**What you will do:** Look below for the line containing "BAJU KOKO KURTA" and the line containing "white tank top with holes"; repeat exactly those two lines and all lines between them, and nothing else.

**Data for analysis:**
....
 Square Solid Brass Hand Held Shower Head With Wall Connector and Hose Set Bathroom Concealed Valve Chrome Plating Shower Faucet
....
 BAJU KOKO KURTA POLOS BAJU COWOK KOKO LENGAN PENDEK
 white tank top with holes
....
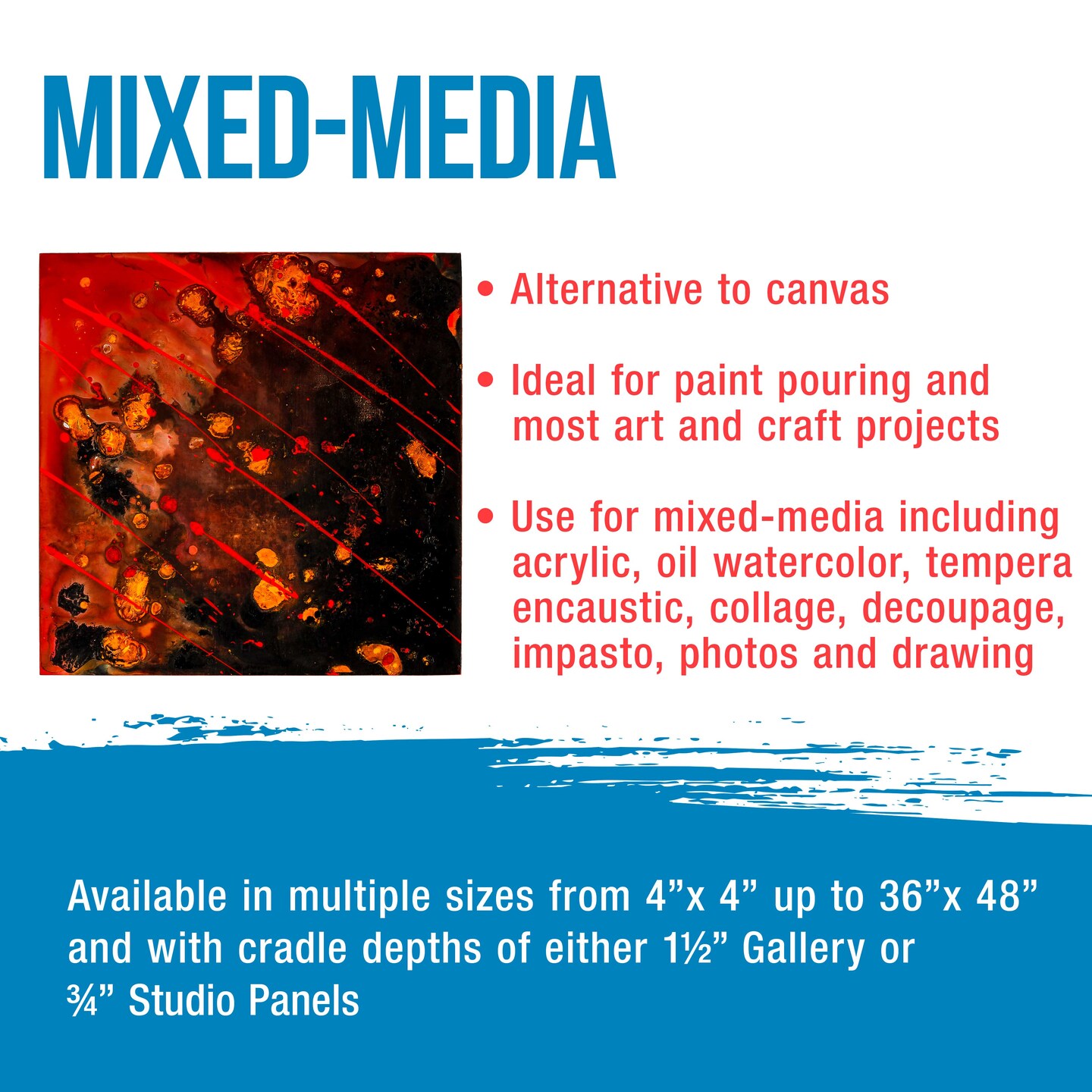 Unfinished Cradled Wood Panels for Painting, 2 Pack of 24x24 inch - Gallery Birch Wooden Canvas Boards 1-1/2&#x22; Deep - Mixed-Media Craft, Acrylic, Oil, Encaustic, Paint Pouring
....
**Your response:**
 BAJU KOKO KURTA POLOS BAJU COWOK KOKO LENGAN PENDEK
 white tank top with holes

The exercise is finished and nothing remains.